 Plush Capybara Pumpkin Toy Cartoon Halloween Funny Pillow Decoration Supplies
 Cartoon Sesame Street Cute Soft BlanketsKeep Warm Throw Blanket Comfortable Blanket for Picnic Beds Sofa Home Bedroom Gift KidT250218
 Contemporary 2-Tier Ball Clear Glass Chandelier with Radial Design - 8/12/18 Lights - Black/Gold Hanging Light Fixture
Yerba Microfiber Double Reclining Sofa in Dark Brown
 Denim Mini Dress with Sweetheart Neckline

--

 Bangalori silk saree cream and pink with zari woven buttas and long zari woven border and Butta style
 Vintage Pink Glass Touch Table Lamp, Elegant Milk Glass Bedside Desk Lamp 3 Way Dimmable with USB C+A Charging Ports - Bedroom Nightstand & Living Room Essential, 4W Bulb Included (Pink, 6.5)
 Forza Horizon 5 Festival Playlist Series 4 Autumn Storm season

==

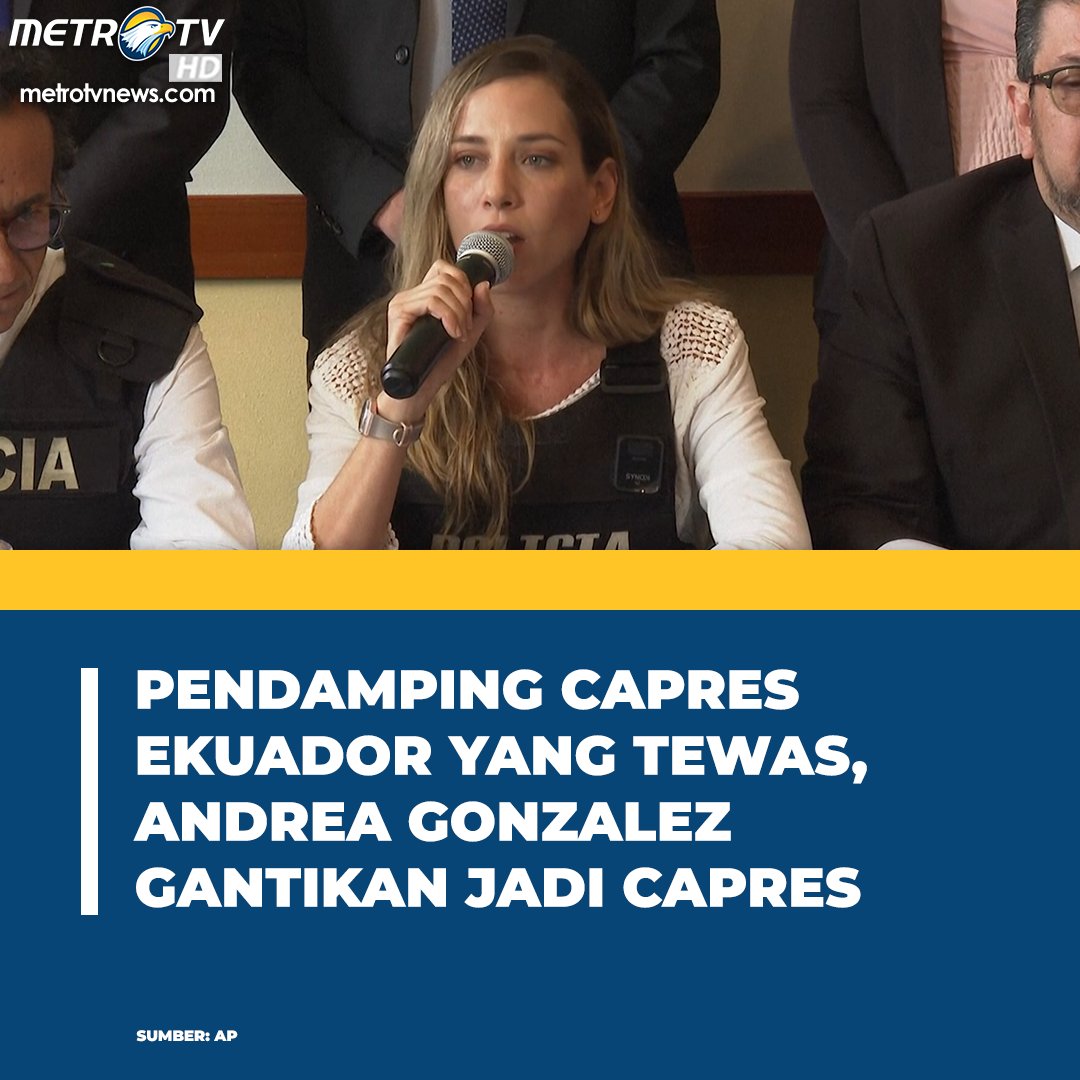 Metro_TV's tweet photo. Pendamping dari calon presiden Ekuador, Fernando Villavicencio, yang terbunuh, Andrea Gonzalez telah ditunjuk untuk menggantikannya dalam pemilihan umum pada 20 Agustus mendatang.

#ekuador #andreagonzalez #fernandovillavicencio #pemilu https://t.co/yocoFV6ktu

- Instructions to follow:
Write out exactly the lines above from the line with "Vintage Pink Glass" through the line with "Forza Horizon 5", both of them included, and leave out all other lines.

- Solution:
 Vintage Pink Glass Touch Table Lamp, Elegant Milk Glass Bedside Desk Lamp 3 Way Dimmable with USB C+A Charging Ports - Bedroom Nightstand & Living Room Essential, 4W Bulb Included (Pink, 6.5)
 Forza Horizon 5 Festival Playlist Series 4 Autumn Storm season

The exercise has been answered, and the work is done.